PR Into Practice
The Western pharma industry has been relatively slow to realize the potential in the East. However, there have been inroads,
particularly in research and clinical trial development. India is literally becoming a research laboratory. "Pharma multinationals
are increasingly seeing a big opportunity in conducting clinical research in the country, with its large and diverse patient
pool and low per-patient trial cost," notes Rob Dhoble, president of Omnicom's Diversified Agency Services Healthcare group.
GlaxoSmithKline will shift 30 percent of its clinical research to India and other countries where trials can be conducted
less expensively than in Europe and the United States, according to the August 2004 issue of Biocentury.
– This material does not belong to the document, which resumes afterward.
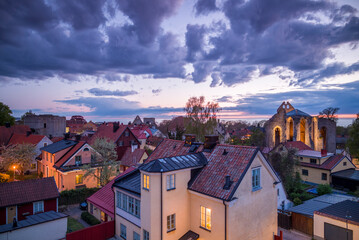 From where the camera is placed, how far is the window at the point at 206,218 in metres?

As those markets evolve, pharma companies will use PR to map out ways to reach audiences with segmented health messages, develop
strategies to communicate with patients and caregivers about disease conditions and benefits of therapies, and enhance or
protect companies' reputations. PR professionals will overcome communications challenges by following these practices:
Understand consumers. While advertising agencies have been using anthropology—the study of how people interact with one another and their environment—for
years in the development of ad strategies, it is relatively new in PR, where it can be a powerful tool. "Information anthropology"
can help ascertain how people obtain and evaluate information and how they determine the credibility of messages. Traditional
Western communications channels—newspapers, radio, and television—may not be the best vehicles for disease information. On
the other hand, internet penetration in the middle class, particularly in India, is very high.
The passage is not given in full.